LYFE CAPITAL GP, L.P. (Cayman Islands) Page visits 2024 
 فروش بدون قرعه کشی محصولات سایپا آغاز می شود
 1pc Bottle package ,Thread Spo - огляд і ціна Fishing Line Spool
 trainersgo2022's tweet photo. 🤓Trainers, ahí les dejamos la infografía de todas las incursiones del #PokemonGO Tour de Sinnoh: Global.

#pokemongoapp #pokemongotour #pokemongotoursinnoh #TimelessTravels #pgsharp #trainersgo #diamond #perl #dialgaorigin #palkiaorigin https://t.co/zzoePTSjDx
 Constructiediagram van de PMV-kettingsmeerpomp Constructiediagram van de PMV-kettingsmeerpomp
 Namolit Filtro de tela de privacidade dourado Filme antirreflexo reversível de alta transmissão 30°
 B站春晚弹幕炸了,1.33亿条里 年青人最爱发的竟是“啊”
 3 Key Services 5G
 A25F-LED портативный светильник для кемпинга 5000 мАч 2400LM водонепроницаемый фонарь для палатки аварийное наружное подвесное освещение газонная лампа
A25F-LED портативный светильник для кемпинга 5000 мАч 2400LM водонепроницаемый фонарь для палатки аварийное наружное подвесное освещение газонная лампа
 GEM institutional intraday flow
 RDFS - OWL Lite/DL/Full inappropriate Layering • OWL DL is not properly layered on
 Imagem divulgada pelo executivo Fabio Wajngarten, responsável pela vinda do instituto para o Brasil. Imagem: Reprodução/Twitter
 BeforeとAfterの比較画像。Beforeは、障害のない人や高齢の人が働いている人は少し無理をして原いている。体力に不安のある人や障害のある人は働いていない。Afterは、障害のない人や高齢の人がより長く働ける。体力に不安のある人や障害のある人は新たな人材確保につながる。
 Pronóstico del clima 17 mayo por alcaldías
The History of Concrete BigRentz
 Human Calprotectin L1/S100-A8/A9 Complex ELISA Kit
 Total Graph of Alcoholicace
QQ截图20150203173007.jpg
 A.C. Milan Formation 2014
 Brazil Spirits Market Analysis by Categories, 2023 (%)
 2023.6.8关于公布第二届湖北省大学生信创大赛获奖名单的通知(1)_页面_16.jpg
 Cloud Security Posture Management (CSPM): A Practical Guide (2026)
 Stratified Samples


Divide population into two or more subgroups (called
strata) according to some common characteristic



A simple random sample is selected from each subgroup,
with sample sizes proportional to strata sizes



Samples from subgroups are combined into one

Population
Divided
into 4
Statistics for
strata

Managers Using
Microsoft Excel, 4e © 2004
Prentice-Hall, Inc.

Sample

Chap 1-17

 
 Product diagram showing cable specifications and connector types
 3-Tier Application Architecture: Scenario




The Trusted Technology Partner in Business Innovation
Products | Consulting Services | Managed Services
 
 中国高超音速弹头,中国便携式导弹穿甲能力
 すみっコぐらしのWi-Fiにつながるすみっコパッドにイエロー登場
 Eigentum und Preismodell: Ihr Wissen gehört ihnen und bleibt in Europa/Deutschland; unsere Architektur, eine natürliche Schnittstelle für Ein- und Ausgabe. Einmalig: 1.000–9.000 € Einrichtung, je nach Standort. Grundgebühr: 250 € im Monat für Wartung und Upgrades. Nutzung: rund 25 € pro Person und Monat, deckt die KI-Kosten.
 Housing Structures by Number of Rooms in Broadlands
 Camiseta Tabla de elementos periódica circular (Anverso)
....................
Task details: Could you restate the listing above word for word?

Response for this exercise:
LYFE CAPITAL GP, L.P. (Cayman Islands) Page visits 2024 
 فروش بدون قرعه کشی محصولات سایپا آغاز می شود
 1pc Bottle package ,Thread Spo - огляд і ціна Fishing Line Spool
 trainersgo2022's tweet photo. 🤓Trainers, ahí les dejamos la infografía de todas las incursiones del #PokemonGO Tour de Sinnoh: Global.

#pokemongoapp #pokemongotour #pokemongotoursinnoh #TimelessTravels #pgsharp #trainersgo #diamond #perl #dialgaorigin #palkiaorigin https://t.co/zzoePTSjDx
 Constructiediagram van de PMV-kettingsmeerpomp Constructiediagram van de PMV-kettingsmeerpomp
 Namolit Filtro de tela de privacidade dourado Filme antirreflexo reversível de alta transmissão 30°
 B站春晚弹幕炸了,1.33亿条里 年青人最爱发的竟是“啊”
 3 Key Services 5G
 A25F-LED портативный светильник для кемпинга 5000 мАч 2400LM водонепроницаемый фонарь для палатки аварийное наружное подвесное освещение газонная лампа
A25F-LED портативный светильник для кемпинга 5000 мАч 2400LM водонепроницаемый фонарь для палатки аварийное наружное подвесное освещение газонная лампа
 GEM institutional intraday flow
 RDFS - OWL Lite/DL/Full inappropriate Layering • OWL DL is not properly layered on
 Imagem divulgada pelo executivo Fabio Wajngarten, responsável pela vinda do instituto para o Brasil. Imagem: Reprodução/Twitter
 BeforeとAfterの比較画像。Beforeは、障害のない人や高齢の人が働いている人は少し無理をして原いている。体力に不安のある人や障害のある人は働いていない。Afterは、障害のない人や高齢の人がより長く働ける。体力に不安のある人や障害のある人は新たな人材確保につながる。
 Pronóstico del clima 17 mayo por alcaldías
The History of Concrete BigRentz
 Human Calprotectin L1/S100-A8/A9 Complex ELISA Kit
 Total Graph of Alcoholicace
QQ截图20150203173007.jpg
 A.C. Milan Formation 2014
 Brazil Spirits Market Analysis by Categories, 2023 (%)
 2023.6.8关于公布第二届湖北省大学生信创大赛获奖名单的通知(1)_页面_16.jpg
 Cloud Security Posture Management (CSPM): A Practical Guide (2026)
 Stratified Samples


Divide population into two or more subgroups (called
strata) according to some common characteristic



A simple random sample is selected from each subgroup,
with sample sizes proportional to strata sizes



Samples from subgroups are combined into one

Population
Divided
into 4
Statistics for
strata

Managers Using
Microsoft Excel, 4e © 2004
Prentice-Hall, Inc.

Sample

Chap 1-17

 
 Product diagram showing cable specifications and connector types
 3-Tier Application Architecture: Scenario




The Trusted Technology Partner in Business Innovation
Products | Consulting Services | Managed Services
 
 中国高超音速弹头,中国便携式导弹穿甲能力
 すみっコぐらしのWi-Fiにつながるすみっコパッドにイエロー登場
 Eigentum und Preismodell: Ihr Wissen gehört ihnen und bleibt in Europa/Deutschland; unsere Architektur, eine natürliche Schnittstelle für Ein- und Ausgabe. Einmalig: 1.000–9.000 € Einrichtung, je nach Standort. Grundgebühr: 250 € im Monat für Wartung und Upgrades. Nutzung: rund 25 € pro Person und Monat, deckt die KI-Kosten.
 Housing Structures by Number of Rooms in Broadlands
 Camiseta Tabla de elementos periódica circular (Anverso)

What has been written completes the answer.